Die Doğan-Mediengruppe sei ein gutes Beispiel dafür, wie die AKP-Regierung die Medien kontrolliert, so Suat Gezgin, Professor der journalistischen Fakultät an der Universität in Istanbul. "Sobald kritisch berichtet wird und die Berichterstattung der AKP-Regierung missfällt, erfolgt eine staatliche Steuerprüfung mit hohen Bußgeldern", so Gezgin. Kritiker des Referendums werden entlassen und eingeschüchtert. Unentschiedene Wähler würden dann durch die regierungsunterstützenden Massenmedien beeinflusst, um doch noch für das Präsidialsystem zu stimmen, so der Professor.

"Der Druck auf uns Journalisten ist gegenwärtig viel stärker spürbar", erzählt auch Baris Pehlivan, Chefredakteur des regierungskritischen TV-Senders "OdaTV". "Uns erreichen immer häufiger Gerichtsurteile mit der Aufforderung, bestimmte Nachrichten von unserer Internetseite zu löschen. Wenn wir dieser Aufforderung nicht nachkommen, werden wir sofort geschlossen", so Pehlivan. Der Chefredakteur war im Rahmen des "OdaTV"-Falles 2011 festgenommen worden und saß für 19 Monate im Gefängnis. "Ich hatte damals viele Artikel zur Gülen-Bewegung und über dessen Aktivität im türkischen Staat geschrieben", erklärt Pehlivan. Als Journalist arbeite man in der Türkei unter ständiger Angst, so der 33-Jährige.

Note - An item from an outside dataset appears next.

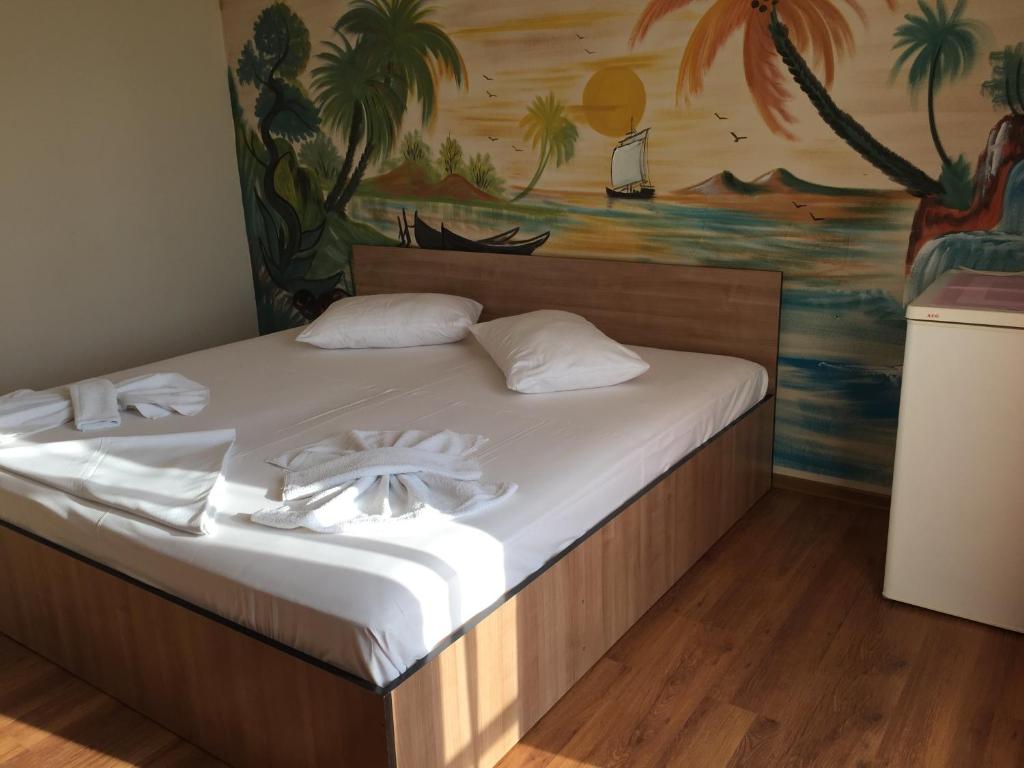 uma cama num quarto com uma pintura na parede em Vila Nusa em Eforie Nord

"Neue Medien" als Alternativen

Und genau wegen dieser repressiven Mediensituation in der Türkei spielen soziale Medien und private Blogs schon seit geraumer Zeit eine immer größere Rolle. Umdie Massenmedien zu umgehen, sind neue Plattformen im Internet entstanden - zum Beispiel "140journos". Sie zählt zum Journalismus der "Neuen Medien” wie es die Gründer Engin Önder und Cem Aydogdu bezeichnen.

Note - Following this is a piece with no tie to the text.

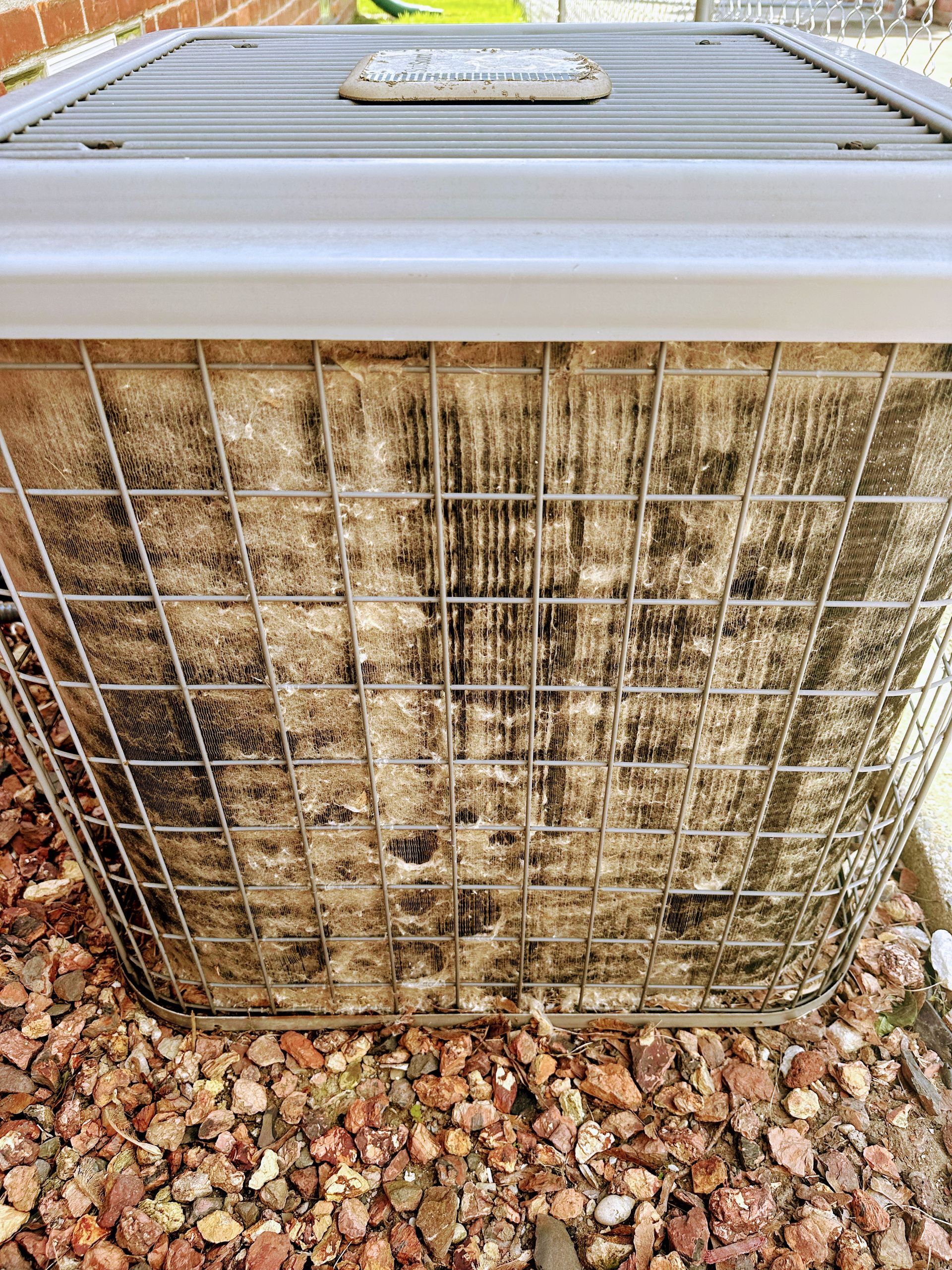 Dirty air conditioner unit with metal cage and black residue on the fins, sitting on gravel.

Das junge Team ist auf 16 verschiedenen Plattformen aktiv - unter anderem auf Twitter, Facebook, Instagram, Snapchat und Periscope. Monatlich verzeichnet die Plattform insgesamt rund 70 Millionen Interaktionen durch ihre Nutzer. 2012 begannen die Blogger gemeinsam mit ihren Freunden Nachrichten zu verbreiten. "Beispielsweise ganz einfach aus Gerichtsräumen, in denen keine Presse erlaubt war", berichtet der 25-Jährige Önder. Vor allem die Nachrichtenverbreitung über Whatsapp komme sehr gut bei den Nutzern an, obwohl es eine Chat-Plattform ist, so Önder.

Erst kürzlich produzierte "140journos" ein satirisches Video über das bevorstehende verfassungsreferendum. Der Titel: "Recep Trump Erdoğan". Ein Video, das die Gemeinsamkeiten der beiden Politiker darstellen soll. Unter den Followern befänden sich sowohl AKP-Anhänger als auch Oppositionelle, so der 25-Jährige. "Wir fokussieren stark auf unsere Inhalte, positionieren uns neutral zum politischen Geschehen und berichten weder für noch gegen die Regierung", so Önder. "Wir wurden bisher noch nie zensiert. Und hoffentlich wird das auch in Zukunft so bleiben."